John Patrick Shanley may be a legend in theatrical circles, but his on and off career as a screenwriter and filmmaker has been a bit more problematic. He started out nearly perfectly, with the critically acclaimed and popular Cher/Nicolas Cage comedy Moonstruck (1987). In the years since, he occasionally approached those heights – like his 2008 film of his controversial play Doubt, with Amy Adams, Meryl Streep, Philip Seymour Hoffman and Viola Davis.
However, more often his films have been oddball misfires, like the surreal Tom Hanks/Meg Ryan starrer Joe vs. the Volcano (1990), the Kevin Kline serial killer comedy/drama The January Man (1989) and the star-studded ensemble film Five Corners (1987). He also has occasionally sold out his talents to big-money blockbusters based on best-selling books, with very mixed results like Alive (1993) and Congo (1995).
Wild Mountain Thyme is Shanley’s first film since Doubt, and like that film, it is based on one of his plays, Outside Mullingar, which was on Broadway in 2014. And, honestly, watching the film, it feels like it would probably work on stage better than it does on the big screen.

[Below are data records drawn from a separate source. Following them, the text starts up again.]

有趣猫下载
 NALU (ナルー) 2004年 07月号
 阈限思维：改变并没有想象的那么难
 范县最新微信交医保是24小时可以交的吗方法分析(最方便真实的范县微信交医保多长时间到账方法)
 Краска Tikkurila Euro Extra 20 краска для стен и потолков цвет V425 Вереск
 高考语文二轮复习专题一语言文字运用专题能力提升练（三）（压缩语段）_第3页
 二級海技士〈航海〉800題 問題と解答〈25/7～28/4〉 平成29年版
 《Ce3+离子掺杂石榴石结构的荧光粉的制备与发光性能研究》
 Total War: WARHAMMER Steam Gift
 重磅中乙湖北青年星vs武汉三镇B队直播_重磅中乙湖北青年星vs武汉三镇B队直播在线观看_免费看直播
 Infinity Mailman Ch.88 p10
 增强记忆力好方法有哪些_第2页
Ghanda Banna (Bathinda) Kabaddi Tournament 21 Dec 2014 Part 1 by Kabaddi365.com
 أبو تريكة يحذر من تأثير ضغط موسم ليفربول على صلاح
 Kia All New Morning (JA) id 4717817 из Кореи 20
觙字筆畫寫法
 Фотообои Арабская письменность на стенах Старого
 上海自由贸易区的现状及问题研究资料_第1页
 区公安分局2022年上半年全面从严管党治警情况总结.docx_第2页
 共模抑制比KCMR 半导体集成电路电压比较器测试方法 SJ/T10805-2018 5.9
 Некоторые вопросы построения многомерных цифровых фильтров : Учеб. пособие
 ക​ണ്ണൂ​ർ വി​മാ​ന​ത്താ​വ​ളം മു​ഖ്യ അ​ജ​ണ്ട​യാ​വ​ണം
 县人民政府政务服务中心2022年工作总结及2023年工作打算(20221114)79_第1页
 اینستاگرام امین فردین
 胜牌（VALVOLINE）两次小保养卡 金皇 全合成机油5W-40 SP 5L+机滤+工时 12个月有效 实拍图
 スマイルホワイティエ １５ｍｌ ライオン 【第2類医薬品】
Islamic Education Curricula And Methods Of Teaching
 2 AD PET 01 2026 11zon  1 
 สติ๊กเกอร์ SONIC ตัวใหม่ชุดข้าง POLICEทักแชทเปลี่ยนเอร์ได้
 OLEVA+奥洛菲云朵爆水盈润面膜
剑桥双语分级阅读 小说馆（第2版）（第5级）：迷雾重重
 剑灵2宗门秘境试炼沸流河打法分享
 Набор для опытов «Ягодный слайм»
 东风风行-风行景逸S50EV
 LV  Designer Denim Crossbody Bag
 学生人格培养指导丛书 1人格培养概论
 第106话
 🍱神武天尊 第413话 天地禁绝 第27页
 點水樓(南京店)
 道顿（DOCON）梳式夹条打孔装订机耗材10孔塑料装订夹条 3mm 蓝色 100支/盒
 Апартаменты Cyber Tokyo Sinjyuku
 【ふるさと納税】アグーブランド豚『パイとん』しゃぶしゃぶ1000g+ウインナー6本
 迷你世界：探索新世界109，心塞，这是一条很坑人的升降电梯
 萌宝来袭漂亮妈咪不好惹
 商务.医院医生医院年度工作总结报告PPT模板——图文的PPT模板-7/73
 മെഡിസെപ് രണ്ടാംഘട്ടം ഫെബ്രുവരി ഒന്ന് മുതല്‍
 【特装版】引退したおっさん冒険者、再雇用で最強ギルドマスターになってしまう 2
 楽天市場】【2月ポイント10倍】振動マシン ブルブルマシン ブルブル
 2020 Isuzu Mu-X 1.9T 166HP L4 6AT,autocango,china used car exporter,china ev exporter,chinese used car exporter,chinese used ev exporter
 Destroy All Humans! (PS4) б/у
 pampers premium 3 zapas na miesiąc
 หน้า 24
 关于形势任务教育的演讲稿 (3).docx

Not that it is a bad film, it just feels more theatrical than cinematic. It’s a small, eccentric story mostly told on a small backdrop, featuring stagey dialogue and an extremely specific Irish sensibility. It is told in the modern day, and yet it feels very old-fashioned and just a tiny bit dated. However, mostly the problem is that it is the story of people who can’t quite seem to find the courage to say what they want and what they need in life; an internal conflict which works better in an intimate stage than in an expansive view of the Irish countryside.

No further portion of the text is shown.